Remarquons, dans l'épisode que nous étudions, la disparition subite de Philippe, dès qu'il a accompli ce qu'il devait faire; son corps matériel est enlevé par l'Esprit, et il se retrouve dans une ville éloignée, sans avoir eu conscience d'aucun déplacement.

Nous n'avons pas à rechercher la cause de ce fait, malgré l'intérêt que cela pourrait présenter. Tout au plus pouvons-nous supposer ou que la présence de Philippe était urgente ailleurs, ou que ce fût seulement pour rendre tangible au nouveau chrétien le pouvoir des Anges.

Disons aussi que Pierre, Jean ou un Apôtre aurait, à la place de Philippe, donné un ordre à ces Êtres mystérieux dont nous appelons l'action sensible sur notre terre: "l'espace et le temps". La distance entre la route de Jérusalem et la ville d'Azote aurait été comme supprimée et l'Apôtre se serait trouvé instantanément dans cette ville, aucune forme du temps n'étant plus nécessaire pour y parvenir(3).
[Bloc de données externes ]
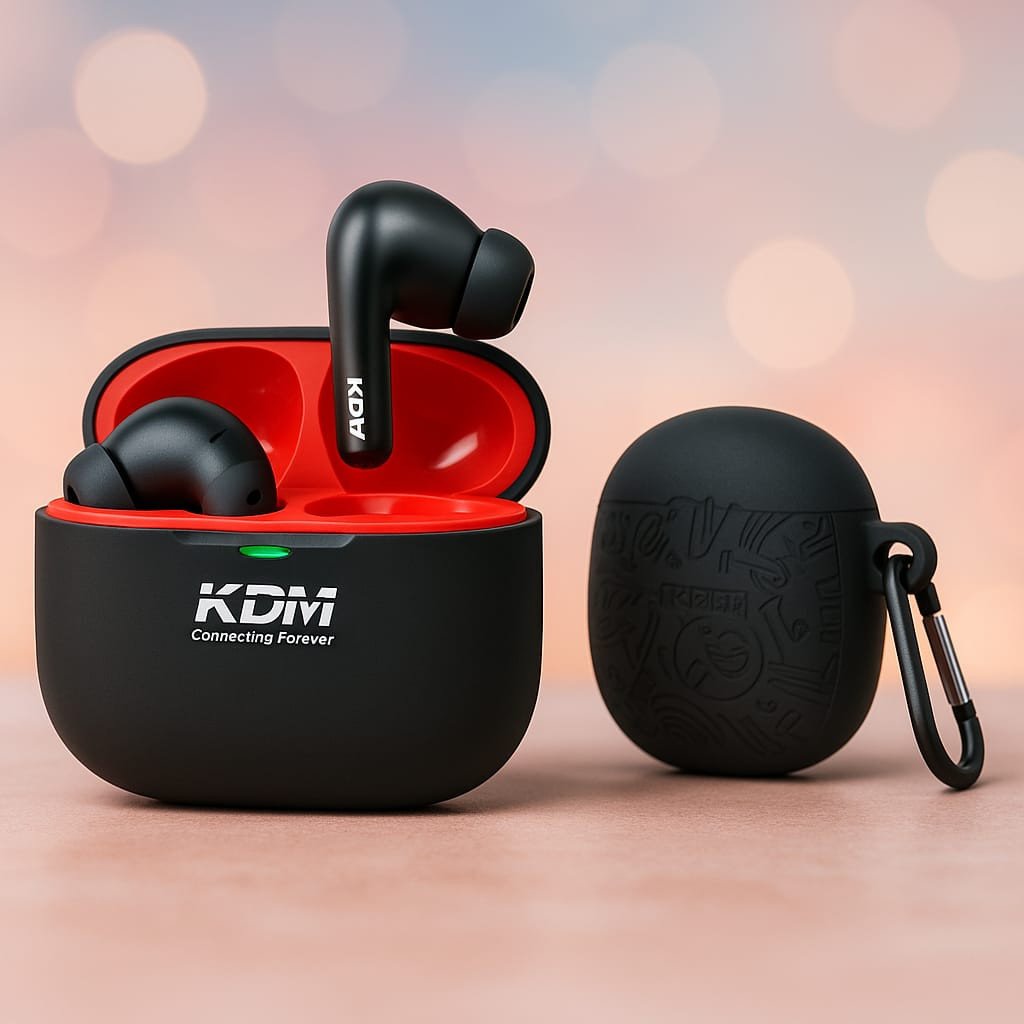 KDM WINPODS TWS Bluetooth 5.3 Earbuds with 30Hrs Music Time, Type-C Charging & Silicone Cover (Black-Red)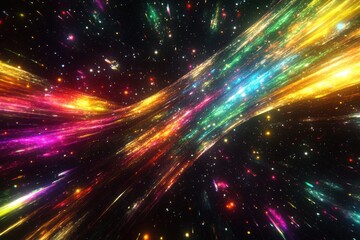 Fototapeta premium Imaginative depiction of an extraordinary galactic landscape. Brilliant neon flashes in motion. Astral domain, pulsar twinkling in space. Explosion within the cosmos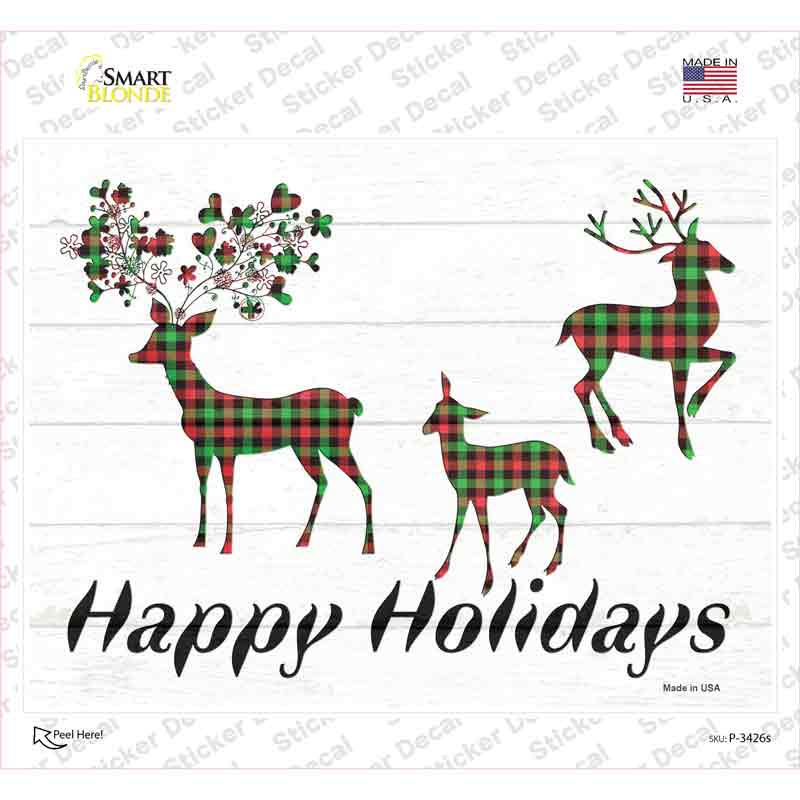 P-3426s-M Happy Holidays Reindeer Novelty Rectangle Sticker Decal - Medium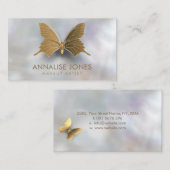 Carte De Visite Papillon chic de luxe d'or sur la nacre (Devant / Derrière)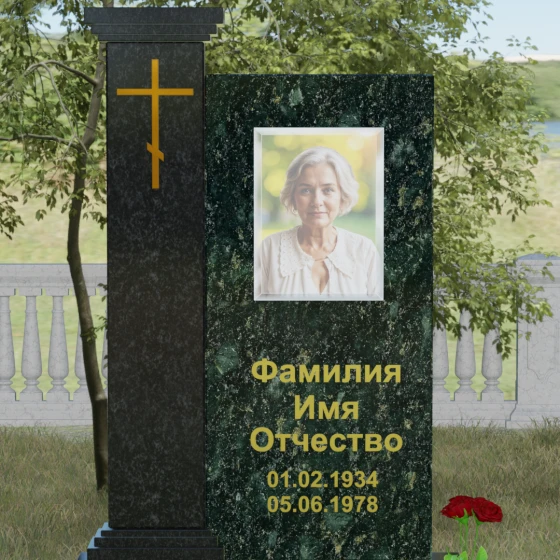 Гранитный православный вертикальный памятник с крестом в Калининграде, гранит Балтик грин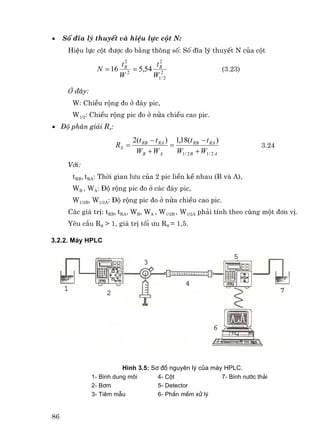 •    Sè ®Üa lý thuyÕt vµ hiÖu lùc cét N:
      HiÖu lùc cét ®−îc ®o b»ng th«ng sè: Sè ®Üa lý thuyÕt N cña cét
                       2         2
                      tR        tR
                N = 16 2 = 5,54 2                                    (3.23)
                      W        W1/ 2

      ë ®©y:
        W: ChiÒu réng ®o ë ®¸y pic,
        W1/2: ChiÒu réng pic ®o ë nöa chiÒu cao pic.
• §é ph©n gi¶i Rs:

                              2(t RB − t RA ) 1,18(t RB − t RA )
                       RS =                  =                                3.24
                               WB + W A        W1 / 2 B + W1 / 2 A
      Víi:
        tRB, tRA: Thêi gian l−u cña 2 pic liÒn kÒ nhau (B vµ A),
        WB , WA: §é réng pic ®o ë c¸c ®¸y pic,
        W1/2B, W1/2A: §é réng pic ®o ë nöa chiÒu cao pic.
      C¸c gi¸ trÞ: tRB, tRA, WB, WA , W1/2B , W1/2A ph¶i tÝnh theo cïng mét ®¬n vÞ.
      Yªu cÇu RS > 1, gi¸ trÞ tèi −u RS = 1,5.

3.2.2. M¸y HPLC




                          H×nh 3.5: S¬ ®å nguyªn lý cña m¸y HPLC.
               1- B×nh dung m«i       4- Cét               7- B×nh n−íc th¶i
               2- B¬m                 5- Detector
               3- Tiªm mÉu            6- PhÇn mÒm xö lý


86
 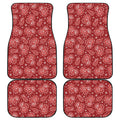 Red Paisley Pattern Print Front and Back Car Floor Mats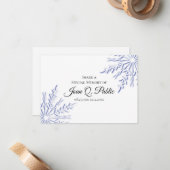 ブルーウィンタースノーフレーク共有アメモリ葬儀 ノートカード (正面/裏面インサイチュ)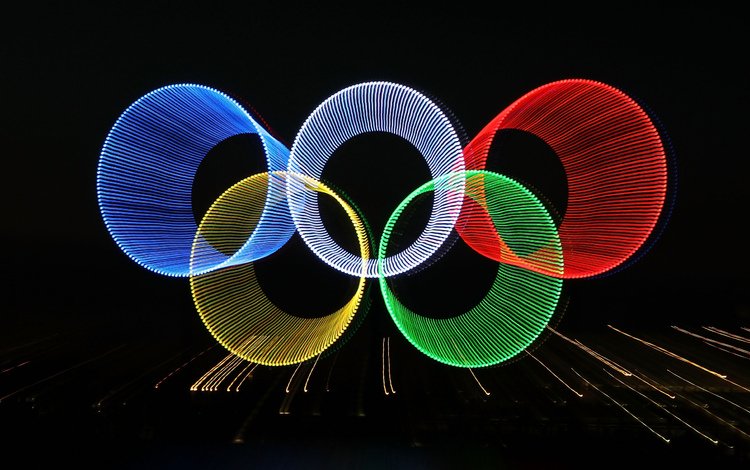 огни, абстракция, лучи, олимпиада, кольца, lights, abstraction, rays, olympics, ring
Philippe fut seulement transporté par les Anges, et nous retrouvons là un exemple de cette hiérarchie dans les pouvoirs spirituels, que nous avons cités plus haut.

 (3) La compréhension nette de ce mystère est impossible. Le lecteur n'aura qu'à examiner, pour cela, attentivement, les lois connues de la Pensée.